Debt Agreement

What is a Debt Agreement?

A Debt Agreement is a legally binding agreement with your creditors which must first be approved by them. Usually you pay an agreed regular sum for a period of 3 to 5 years and the interest on your debts is frozen at the time your agreement is accepted by your creditors. Your contributions are divided up between your creditors (less our fee which is approved by your creditors), who accept the sum in full and final settlement of the amount you owe them. In many cases this will be less than the total amount you currently owe and any difference will be written off. If you own your home or other assets you may choose to sell them or re-mortgage these assets and pay one lump sum in full and final settlement under your debt agreement.

Once your debt agreement is approved by your creditors, it will protect you against any further legal action which they may have been entitled to take against you, which may have resulted in your Bankruptcy.

So how much will I be required to pay under a Debt Agreement?

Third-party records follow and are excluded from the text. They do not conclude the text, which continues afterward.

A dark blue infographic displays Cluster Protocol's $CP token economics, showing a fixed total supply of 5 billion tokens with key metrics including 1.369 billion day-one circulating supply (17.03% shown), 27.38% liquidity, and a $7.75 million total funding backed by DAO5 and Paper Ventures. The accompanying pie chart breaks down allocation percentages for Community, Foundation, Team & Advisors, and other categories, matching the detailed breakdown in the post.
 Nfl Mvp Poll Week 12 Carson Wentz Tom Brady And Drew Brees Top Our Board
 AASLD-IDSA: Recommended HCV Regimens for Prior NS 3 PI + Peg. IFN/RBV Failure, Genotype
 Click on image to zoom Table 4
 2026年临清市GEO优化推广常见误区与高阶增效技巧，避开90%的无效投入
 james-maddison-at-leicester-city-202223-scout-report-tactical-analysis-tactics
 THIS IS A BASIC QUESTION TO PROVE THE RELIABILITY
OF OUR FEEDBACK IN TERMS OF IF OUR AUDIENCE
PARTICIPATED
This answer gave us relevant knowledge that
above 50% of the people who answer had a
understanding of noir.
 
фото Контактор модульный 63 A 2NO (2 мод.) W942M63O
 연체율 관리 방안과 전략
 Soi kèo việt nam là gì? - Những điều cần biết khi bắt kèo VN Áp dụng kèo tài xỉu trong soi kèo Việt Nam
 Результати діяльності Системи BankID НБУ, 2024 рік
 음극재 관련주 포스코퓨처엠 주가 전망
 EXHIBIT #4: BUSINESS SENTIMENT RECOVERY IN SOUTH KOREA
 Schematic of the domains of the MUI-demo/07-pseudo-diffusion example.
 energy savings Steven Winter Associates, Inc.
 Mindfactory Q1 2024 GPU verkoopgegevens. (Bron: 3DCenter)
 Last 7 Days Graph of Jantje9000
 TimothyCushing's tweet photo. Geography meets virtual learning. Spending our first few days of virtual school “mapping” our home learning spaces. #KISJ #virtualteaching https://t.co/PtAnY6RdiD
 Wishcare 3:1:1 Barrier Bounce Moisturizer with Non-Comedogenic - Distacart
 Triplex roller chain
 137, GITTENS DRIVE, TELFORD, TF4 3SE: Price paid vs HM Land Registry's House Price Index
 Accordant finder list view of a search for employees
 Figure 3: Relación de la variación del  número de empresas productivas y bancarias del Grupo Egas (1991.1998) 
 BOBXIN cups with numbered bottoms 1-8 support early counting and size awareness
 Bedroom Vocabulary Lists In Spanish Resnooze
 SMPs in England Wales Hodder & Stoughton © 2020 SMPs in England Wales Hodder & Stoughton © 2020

The regular payment you will make under your Debt Agreement will depend on your income and expenditure. We will help you assess what you can comfortably afford to repay towards your Debt Agreement. A direct debit will be set up to collect your agreed contribution under the Debt Agreement.

What sorts of people enter into Debt Agreements?

Anyone who has unsecured debts which they cannot repay as the debts fell due for payment is suitable for a Debt Agreement. If you cannot pay your debts as they fall due, you are insolvent and the law gives you two alternatives – Bankruptcy or a Debt Agreement. You cannot propose a Debt Agreement if:

  • you have been a Bankrupt or entered a Debt Agreement within the last 10 years; or
  • your unsecured debts exceed $88 379.20; or
  • your assets that would be available under bankruptcy exceed $88 379.20; or
  • your income for the next 12 months is expected to exceed $66 284.40 (after tax) or approximately $88,817 (before tax for Australian residents).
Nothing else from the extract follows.